Material provided:
BEGIN

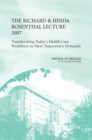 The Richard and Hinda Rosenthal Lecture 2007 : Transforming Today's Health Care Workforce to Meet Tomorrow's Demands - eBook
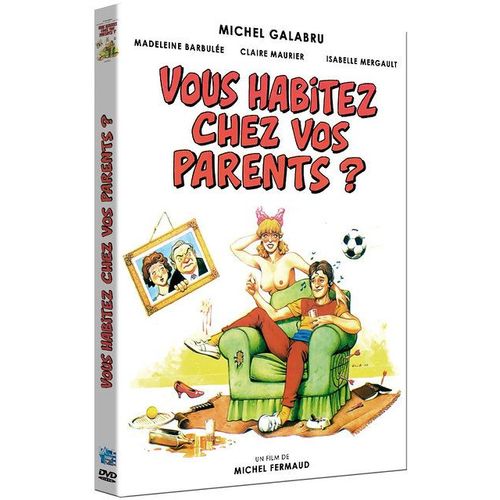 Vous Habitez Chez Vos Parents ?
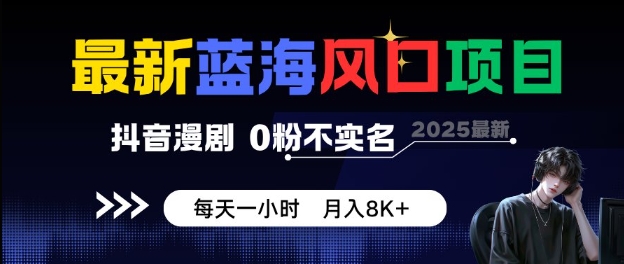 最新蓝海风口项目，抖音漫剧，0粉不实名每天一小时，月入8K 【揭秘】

END

The task: The answer is the listing above repeated verbatim, minus its images.

Answer area:
 The Richard and Hinda Rosenthal Lecture 2007 : Transforming Today's Health Care Workforce to Meet Tomorrow's Demands - eBook
 Vous Habitez Chez Vos Parents ?
 最新蓝海风口项目，抖音漫剧，0粉不实名每天一小时，月入8K 【揭秘】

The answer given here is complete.